• _Exercise details_:
Skip the images. Copy the records exactly as written.

━━━ Material shown

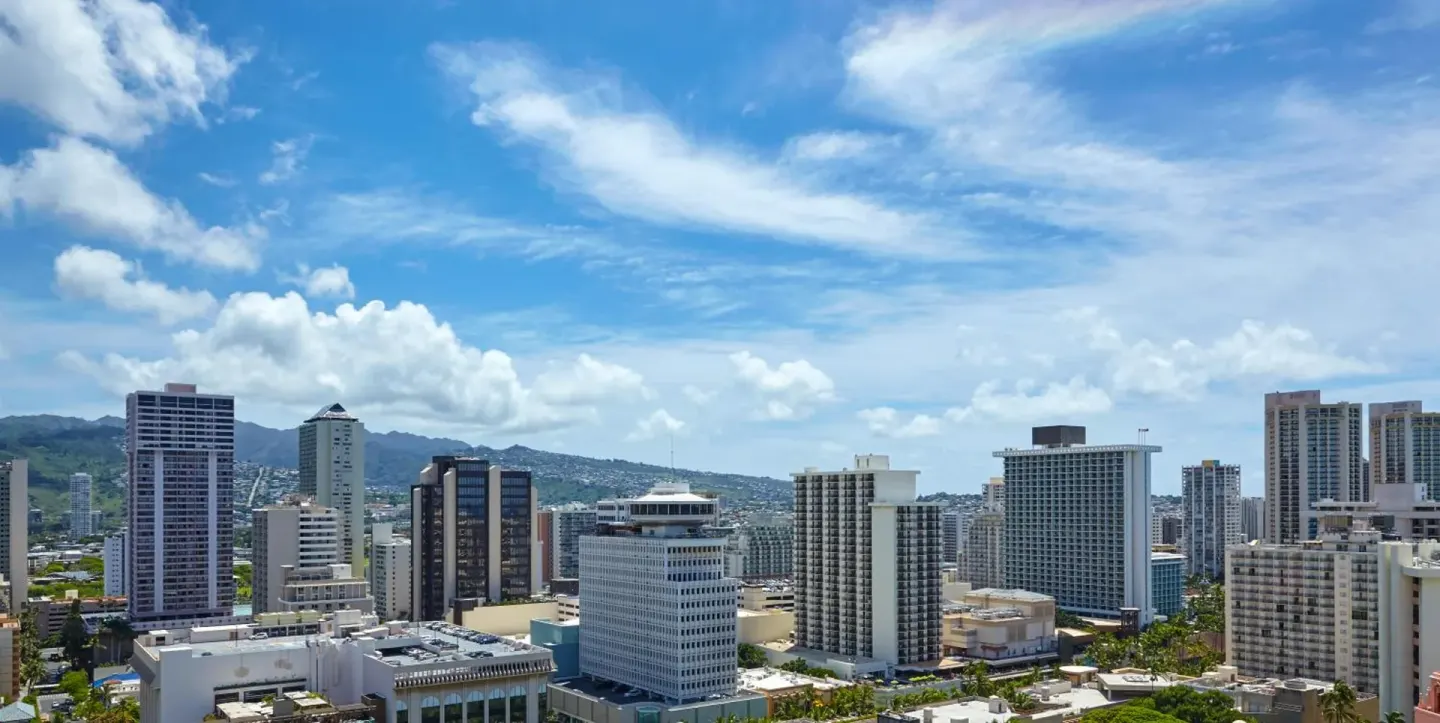 High-rise Waikiki city view under a blue sky at Halepuna Waikiki by Halekulani.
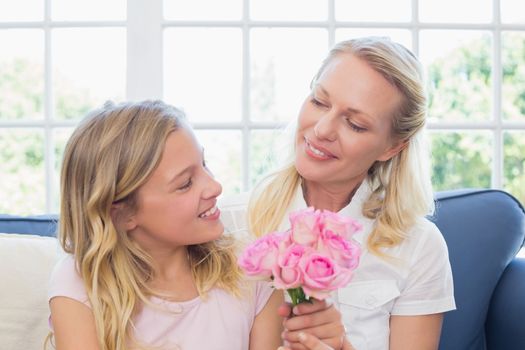 Girl giving flowers to mother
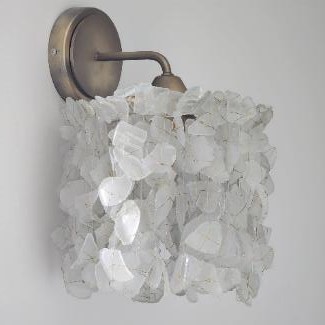 A wall sconce made from recycled glass.  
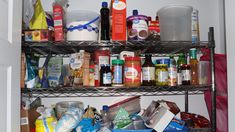 the pantry shelves are full of food and condiments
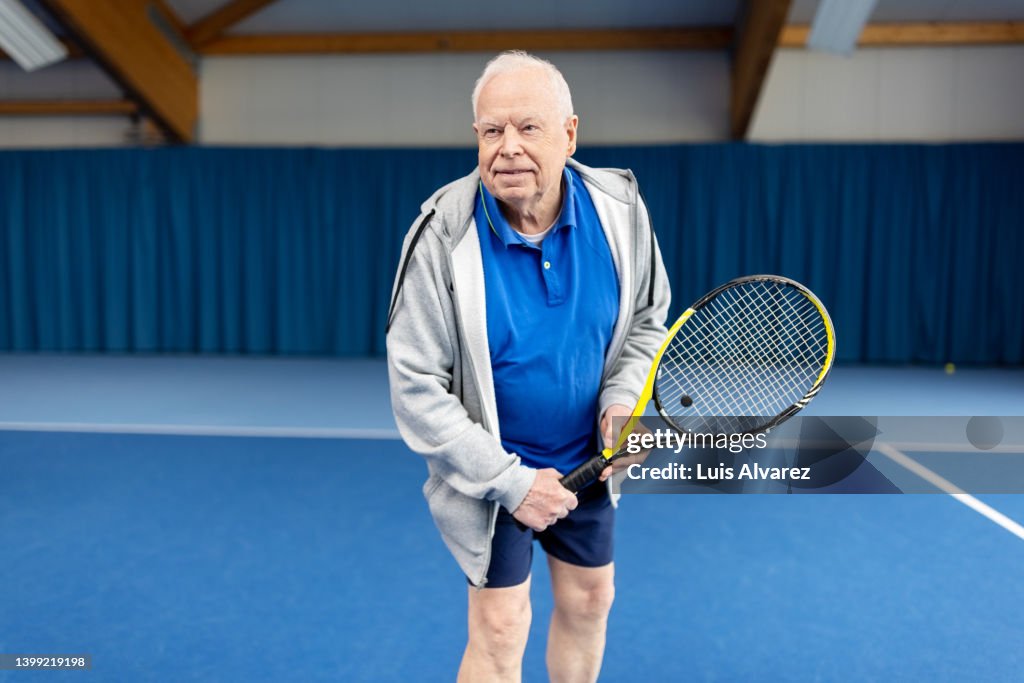 Senior male in sportswear playing tennis on indoor court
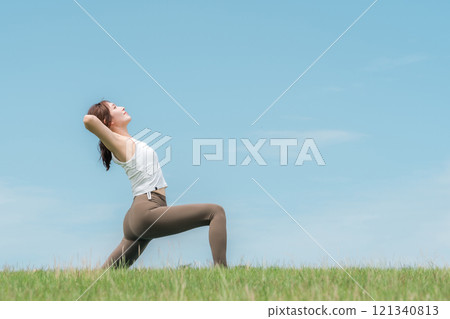 年輕的亞洲女性在藍天下做瑜珈、皮拉提斯和伸展運動 年輕的亞洲女性在藍天下做瑜珈、皮拉提斯和伸展運動 121340813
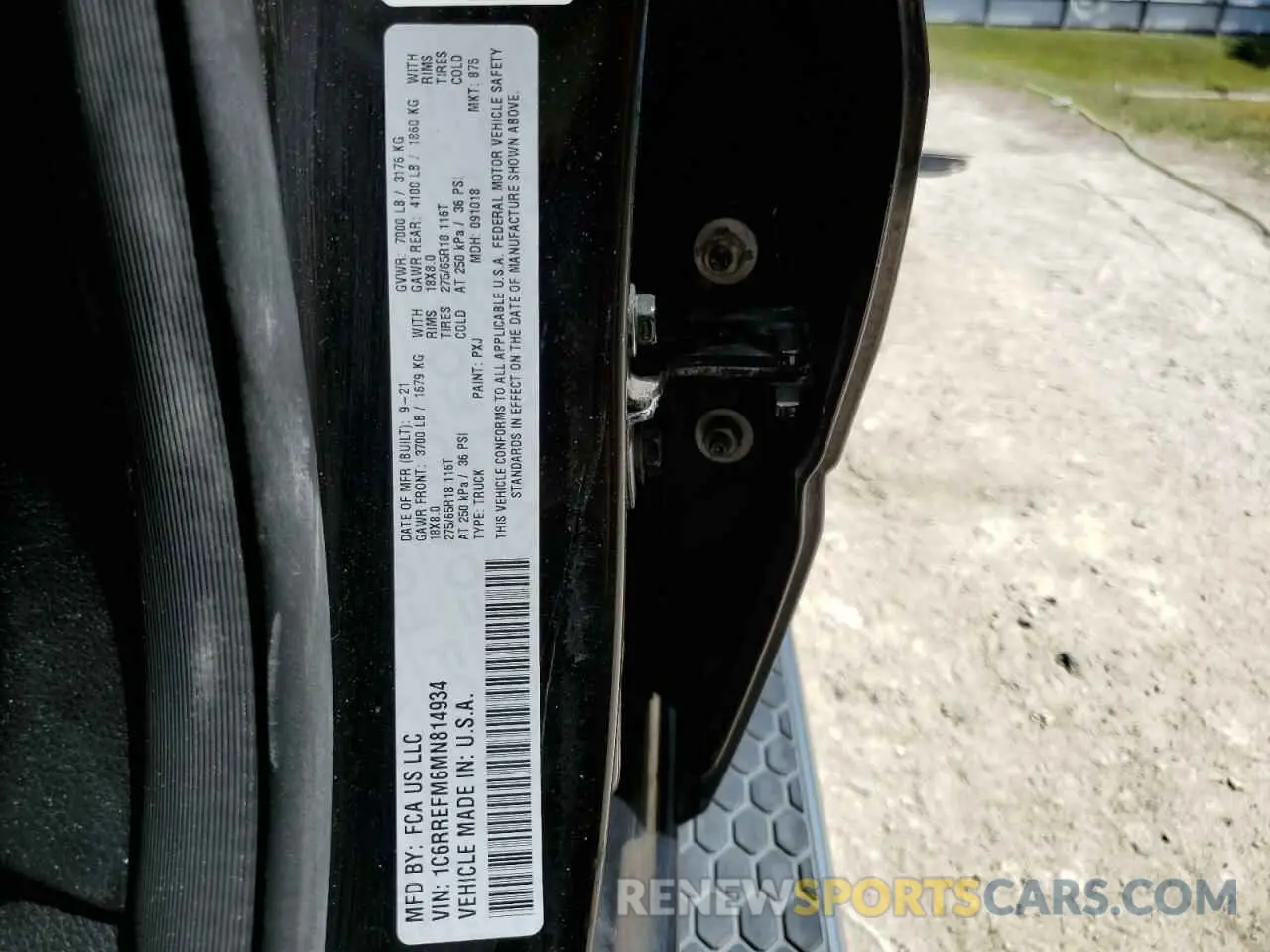 13 Photograph of a damaged car 1C6RREFM6MN814934 RAM 1500 2021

━━━━━━

• _Task response_:
 High-rise Waikiki city view under a blue sky at Halepuna Waikiki by Halekulani.
 Girl giving flowers to mother
 A wall sconce made from recycled glass.  
 the pantry shelves are full of food and condiments
 Senior male in sportswear playing tennis on indoor court
 年輕的亞洲女性在藍天下做瑜珈、皮拉提斯和伸展運動 年輕的亞洲女性在藍天下做瑜珈、皮拉提斯和伸展運動 121340813
 13 Photograph of a damaged car 1C6RREFM6MN814934 RAM 1500 2021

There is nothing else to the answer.